#### Data in this exercise

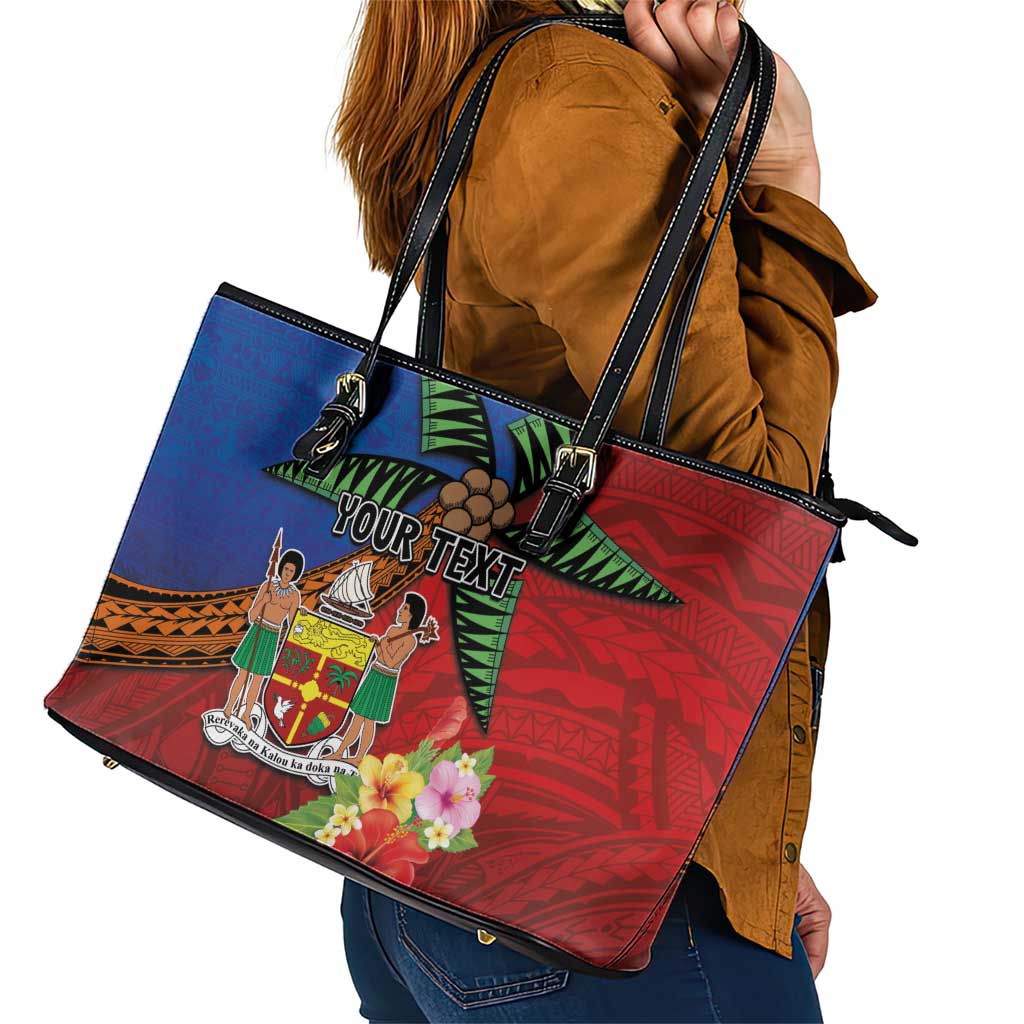Personalised Fiji and Rotuma Together Leather Tote Bag Fjian Masi and Pacific Pattern Mix Culture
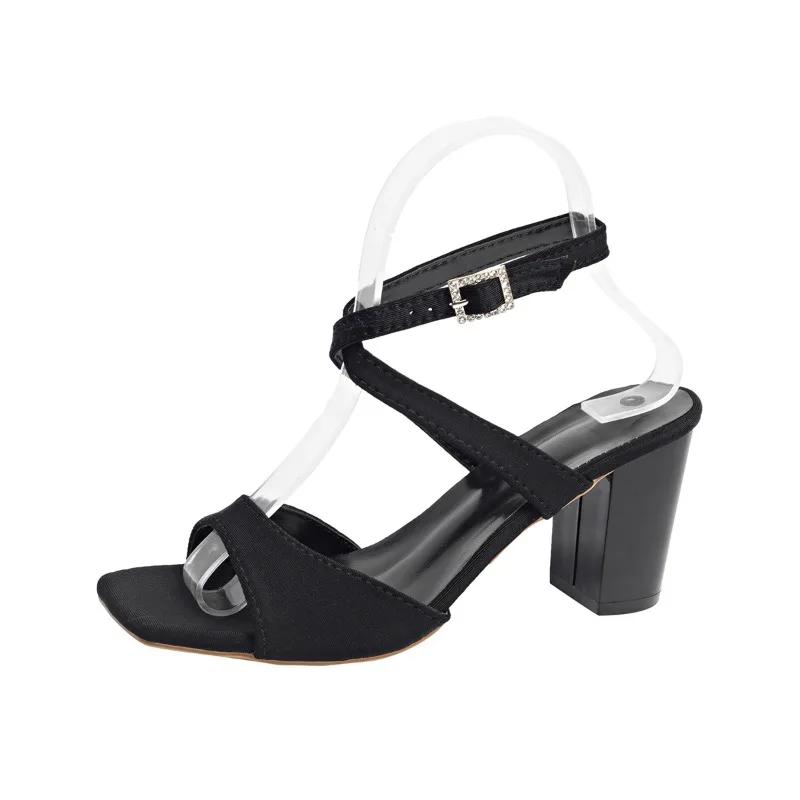 Fashion Shoes Female 2025 Ankle Buckle Strap Women's Sandals Fashion Dress Sandals Women Square Toe Plus Size Chunky Heels Shoes Women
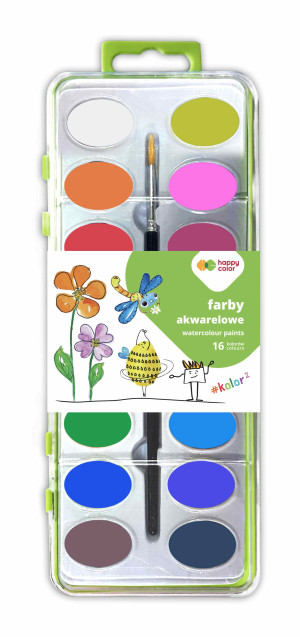 Farby akwarelowe zestaw 16 kolorów - Happy Color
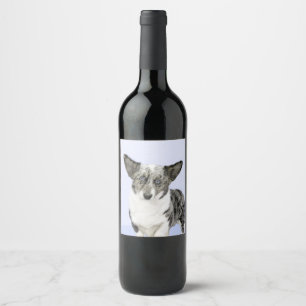 Cardigan Welsh Corgi Painting - Original Dog Art Wine Label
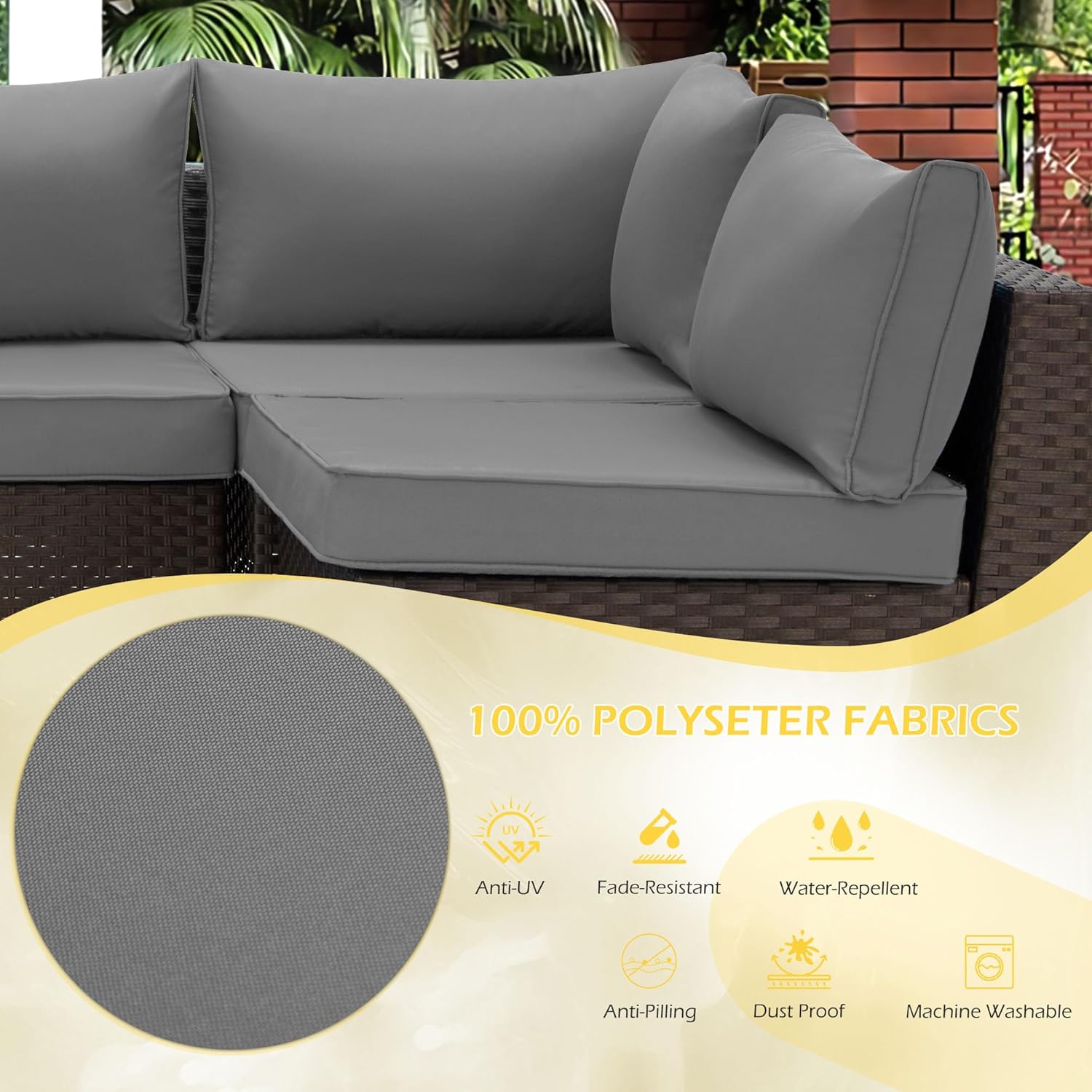 Homrest Outdoor Replacement Cushions for  6-Seat Patio Furniture Sets, Gray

#### What this task involves
The entries are to be restated word for word, and no picture should appear in the copy.

#### Answer section
Personalised Fiji and Rotuma Together Leather Tote Bag Fjian Masi and Pacific Pattern Mix Culture
 Fashion Shoes Female 2025 Ankle Buckle Strap Women's Sandals Fashion Dress Sandals Women Square Toe Plus Size Chunky Heels Shoes Women
 Farby akwarelowe zestaw 16 kolorów - Happy Color
 Cardigan Welsh Corgi Painting - Original Dog Art Wine Label
 Homrest Outdoor Replacement Cushions for  6-Seat Patio Furniture Sets, Gray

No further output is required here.